Data driven approach towards more efficient Newton-Raphson power flow calculation for distribution grids
Shengyuan Yan, Farzad Vazinram, Zeynab Kaseb, Lindsay Spoor, Jochen Stiasny, Betul Mamudi, Amirhossein Heydarian Ardakani, Ugochukwu Orji, Pedro P. Vergara, Yu Xiang, Jerry Guo
TL;DR
This paper addresses the challenge of maintaining fast convergence for Newton-Raphson power flow calculations in distribution grids under stressed conditions. It develops three initialization strategies: an analytical basin-of-attraction bound to constrain NR’s input space, and data-driven pipelines (supervised regression and physics-informed neural networks) plus a reinforcement learning agent to steer initial guesses toward easy-converging regions. Experiments on two-bus and seven-bus benchmarks demonstrate that the analytical method bounds the basin and reduces iterations, while neural-network–based initializations and PINNs yield rapid NR convergence, and RL further accelerates convergence by actively adjusting voltages. The proposed methods promise more robust, scalable, and real-time capable PF solutions for grids with high renewable penetration and distributed generation.
Abstract
Power flow (PF) calculations are fundamental to power system analysis to ensure stable and reliable grid operation. The Newton-Raphson (NR) method is commonly used for PF analysis due to its rapid convergence when initialized properly. However, as power grids operate closer to their capacity limits, ill-conditioned cases and convergence issues pose significant challenges. This work, therefore, addresses these challenges by proposing strategies to improve NR initialization, hence minimizing iterations and avoiding divergence.

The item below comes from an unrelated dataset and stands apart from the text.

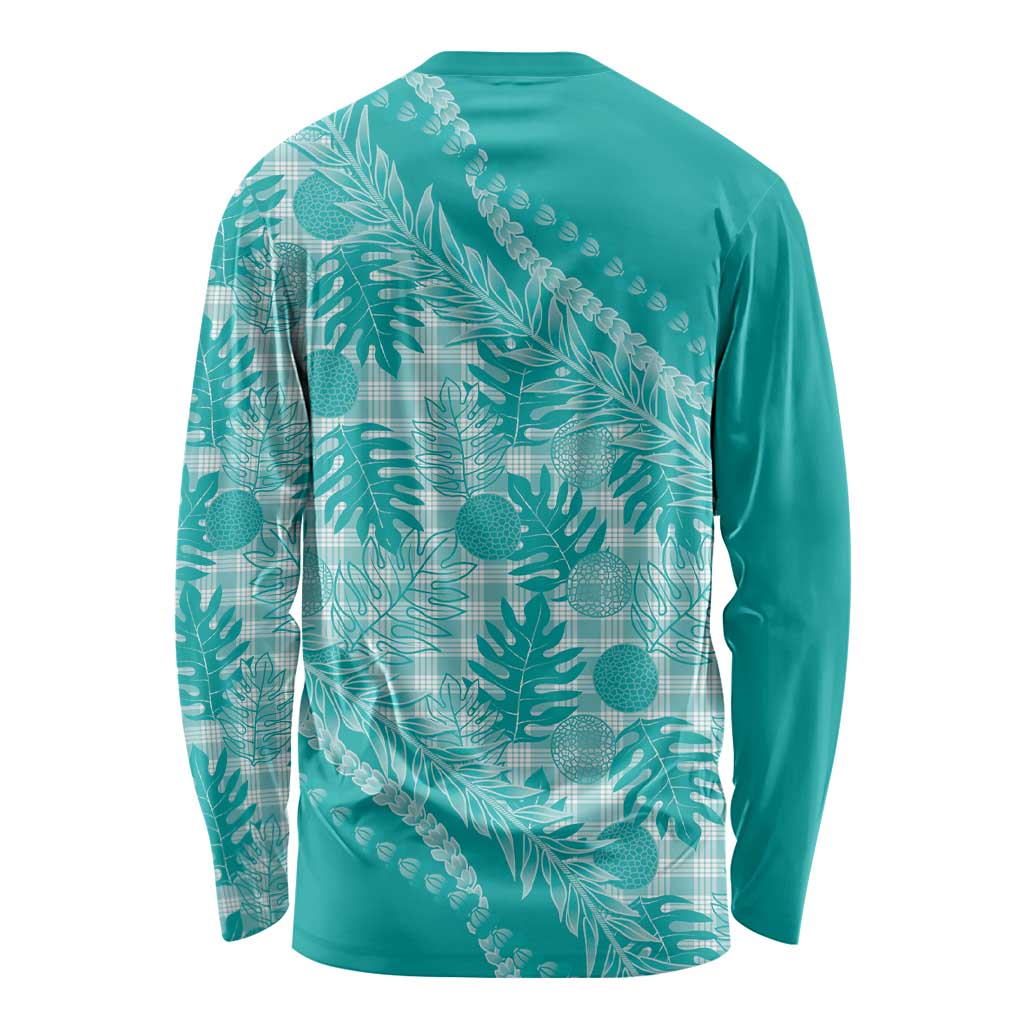 Hawaii Breadfruit Palaka Long Sleeve Shirt Polu Opal Maile Lei - Polynesian Pride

We explore three approaches: (i) an analytical method that estimates the basin of attraction using mathematical bounds on voltages, (ii) Two data-driven models leveraging supervised learning or physics-informed neural networks (PINNs) to predict optimal initial guesses, and (iii) a reinforcement learning (RL) approach that incrementally adjusts voltages to accelerate convergence. These methods are tested on benchmark systems. This research is particularly relevant for modern power systems, where high penetration of renewables and decentralized generation require robust and scalable PF solutions. In experiments, all three proposed methods demonstrate a strong ability to provide an initial guess for Newton-Raphson method to converge with fewer steps. The findings provide a pathway for more efficient real-time grid operations, which, in turn, support the transition toward smarter and more resilient electricity networks.